▶ [What you need to do] Collect each line of the records containing the string "with".
[Opening Data for review section]
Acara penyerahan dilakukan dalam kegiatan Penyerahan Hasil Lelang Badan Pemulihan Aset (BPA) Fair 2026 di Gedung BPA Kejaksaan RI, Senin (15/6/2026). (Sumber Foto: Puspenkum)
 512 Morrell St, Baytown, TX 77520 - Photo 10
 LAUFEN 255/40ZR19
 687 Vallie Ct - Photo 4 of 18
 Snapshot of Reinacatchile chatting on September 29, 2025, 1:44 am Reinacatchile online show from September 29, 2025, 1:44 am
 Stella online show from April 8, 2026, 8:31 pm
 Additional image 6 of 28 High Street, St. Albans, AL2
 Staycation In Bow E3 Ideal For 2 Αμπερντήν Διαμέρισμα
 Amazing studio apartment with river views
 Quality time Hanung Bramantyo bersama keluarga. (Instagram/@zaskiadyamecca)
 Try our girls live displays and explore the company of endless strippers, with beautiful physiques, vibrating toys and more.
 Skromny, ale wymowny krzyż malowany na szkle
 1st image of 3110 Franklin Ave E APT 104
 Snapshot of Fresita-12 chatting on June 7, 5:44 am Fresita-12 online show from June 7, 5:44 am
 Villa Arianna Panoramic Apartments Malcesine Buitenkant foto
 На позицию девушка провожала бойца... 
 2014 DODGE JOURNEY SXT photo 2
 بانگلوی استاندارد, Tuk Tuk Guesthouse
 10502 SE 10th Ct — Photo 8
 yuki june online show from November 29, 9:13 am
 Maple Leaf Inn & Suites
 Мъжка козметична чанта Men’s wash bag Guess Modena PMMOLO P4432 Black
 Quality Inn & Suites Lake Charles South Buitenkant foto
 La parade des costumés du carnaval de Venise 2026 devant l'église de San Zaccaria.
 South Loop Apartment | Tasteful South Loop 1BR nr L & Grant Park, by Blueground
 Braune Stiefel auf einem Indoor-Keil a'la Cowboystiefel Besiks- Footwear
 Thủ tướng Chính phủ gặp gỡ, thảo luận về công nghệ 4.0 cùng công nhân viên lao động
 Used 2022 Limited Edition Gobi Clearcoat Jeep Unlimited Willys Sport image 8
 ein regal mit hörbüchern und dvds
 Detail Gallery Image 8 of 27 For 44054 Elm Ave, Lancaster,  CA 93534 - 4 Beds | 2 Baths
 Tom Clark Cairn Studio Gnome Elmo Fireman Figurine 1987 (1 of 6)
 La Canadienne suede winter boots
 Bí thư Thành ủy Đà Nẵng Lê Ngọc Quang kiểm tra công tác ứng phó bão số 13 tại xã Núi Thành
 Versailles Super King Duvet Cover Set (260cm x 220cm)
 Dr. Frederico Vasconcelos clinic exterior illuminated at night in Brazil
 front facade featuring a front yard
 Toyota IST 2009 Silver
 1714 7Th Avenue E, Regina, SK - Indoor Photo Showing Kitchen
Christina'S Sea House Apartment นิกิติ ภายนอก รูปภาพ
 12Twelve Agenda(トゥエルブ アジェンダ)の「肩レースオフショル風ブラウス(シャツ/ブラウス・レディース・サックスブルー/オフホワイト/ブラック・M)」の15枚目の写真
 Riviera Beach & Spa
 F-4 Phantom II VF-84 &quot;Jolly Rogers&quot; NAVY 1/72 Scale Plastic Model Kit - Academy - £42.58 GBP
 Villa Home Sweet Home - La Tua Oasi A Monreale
[Closing Data for review section]
▶ [Task result]
 Amazing studio apartment with river views
 Try our girls live displays and explore the company of endless strippers, with beautiful physiques, vibrating toys and more.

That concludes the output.